The novels of the late Catherine
Cookson may have much in common with those of Charlotte Brontë, but is it
worth mimicking in the late 20th century, what was ground-breaking in the
1840s? While Brontë examines what is contemporary for her, Miss Cookson
invents an imagined past which may be of interest to the cultural historian
in studying the present sources of her nostalgia, but not to the student of
the period in which her novels are set. Daniel Defoe's Robinson Crusoe
is a long work of prose fiction, but critics do not necessarily describe it
as a novel. Why might this be? Knowing works in their historical context
does not give easy answers, but may shed more or less light on our darkness
in considering such questions.
Old English, Middle English and Chaucer
Old
English
English, as we know it, descends
from the language spoken by the north Germanic tribes who settled in
England from the 5th century A.D. onwards. They had no writing (except
runes, used as charms) until they learned the Latin alphabet from Roman
missionaries. The earliest written works in Old English (as their language
is now known to scholars) were probably composed orally at first, and may
have been passed on from speaker to speaker before being written. We know
the names of some of the later writers (Cædmon, Ælfric and King Alfred) but
most writing is anonymous. Old English literature is mostly chronicle and
poetry - lyric, descriptive but chiefly narrative or epic. By the time
literacy becomes widespread, Old English is effectively a foreign and dead
language.
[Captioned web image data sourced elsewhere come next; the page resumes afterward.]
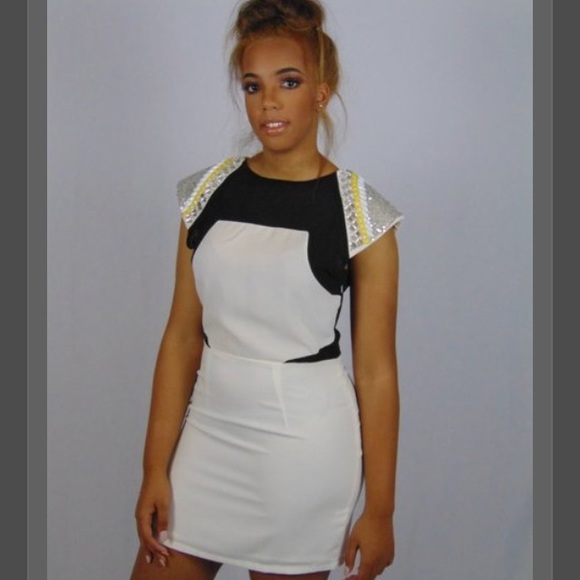 Black and White Embellished Dress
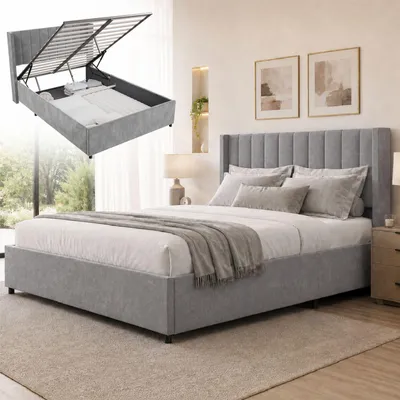 Produktbild von Juskys Polsterbett Savona 140x200 cm - Bett mit Stauraum, Lattenrost, Samt-Bezug - Bettgestell aus Holz, bis 250 kg, großes Kopfteil - Hellgrau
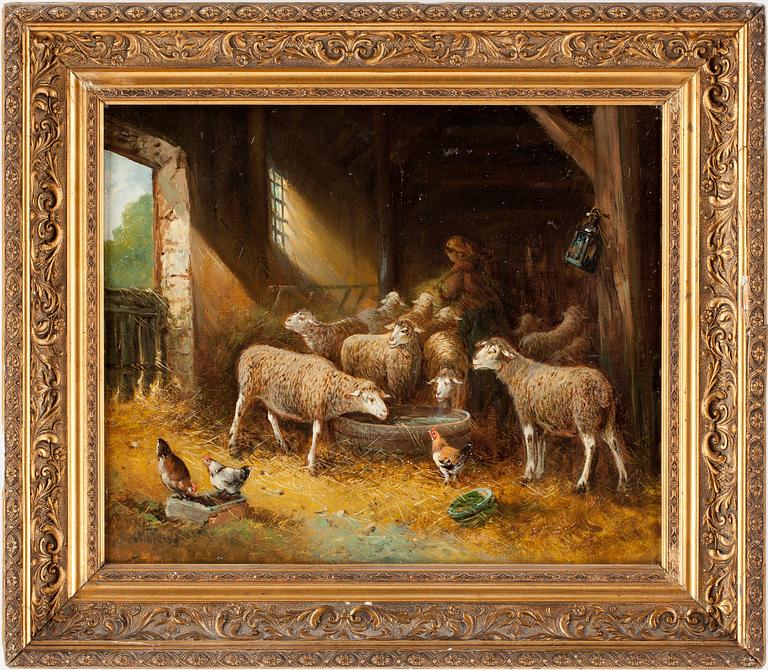 OKÄND KONSTNÄR, olja på duk, otydligt signerad, 18/1900-tal.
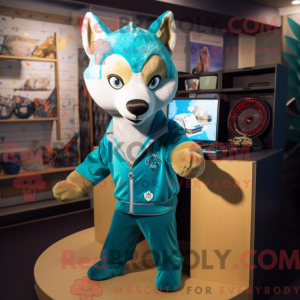 Turquoise Dingo mascot...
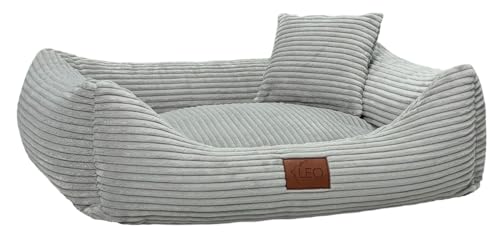 Leo4dog Hundebett Cord Waschbar Bezug Für kleine mittelgroße und große Hunde Hundekissen Hundesofa Hundekorb (Grau, M 80x60) von Leo4dog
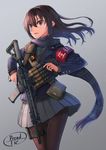  ar-15 armband artist_name black_hair black_legwear blue_eyes blush dreadtie eyebrows green_neckwear grey_skirt gun highres holding holding_gun holding_weapon long_hair long_sleeves looking_at_viewer magpul original pantyhose parted_lips purple_scarf rifle scarf skirt smile solo trigger_discipline weapon 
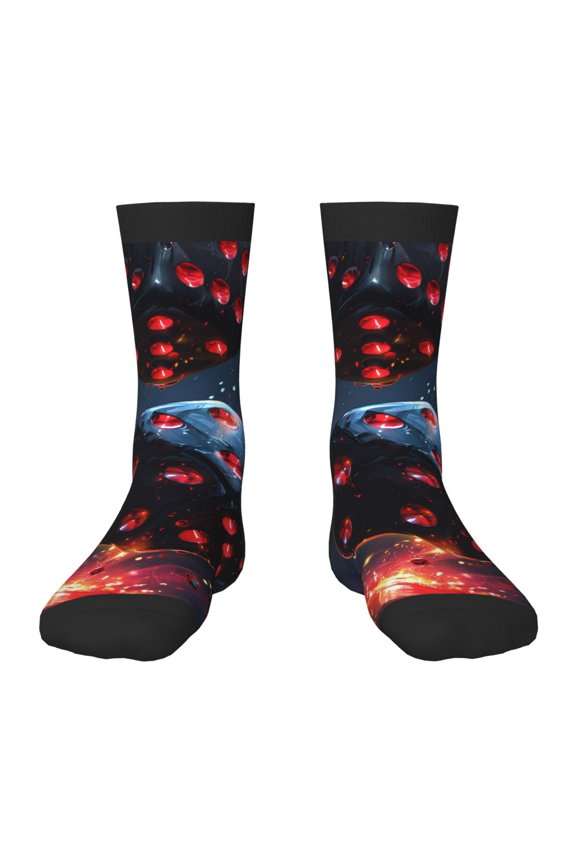 Cosmic Red Sparkle Dice Print Kids Socks For Boys Girls,Grip Crew Socks with Non Slip,Lightweight Stretch Crew Socks,Toddlers Crew Boot Socks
And its forms do not significantly affect subsequent developments
in English literature. (With the scholarly exception of the 19th century
poet, Gerard Manley Hopkins, who finds in Old English verse the model for
his metrical system of "sprung rhythm".)
Middle
English and Chaucer
From 1066 onwards, the language
is known to scholars as Middle English. Ideas and themes from French and
Celtic literature appear in English writing at about this time, but the
first great name in English literature is that of Geoffrey Chaucer
(?1343-1400). Chaucer introduces the iambic pentameter line, the rhyming
couplet and other rhymes used in Italian poetry (a language in which rhyming
is arguably much easier than in English, thanks to the frequency of
terminal vowels). Some of Chaucer's work is prose and some is lyric poetry,
but his greatest work is mostly narrative poetry, which we find in Troilus
and Criseyde and The Canterbury Tales. Other notable mediaeval
works are the anonymous Pearl and Gawain and the Green Knight
(probably by the same author) and William Langlands' Piers Plowman.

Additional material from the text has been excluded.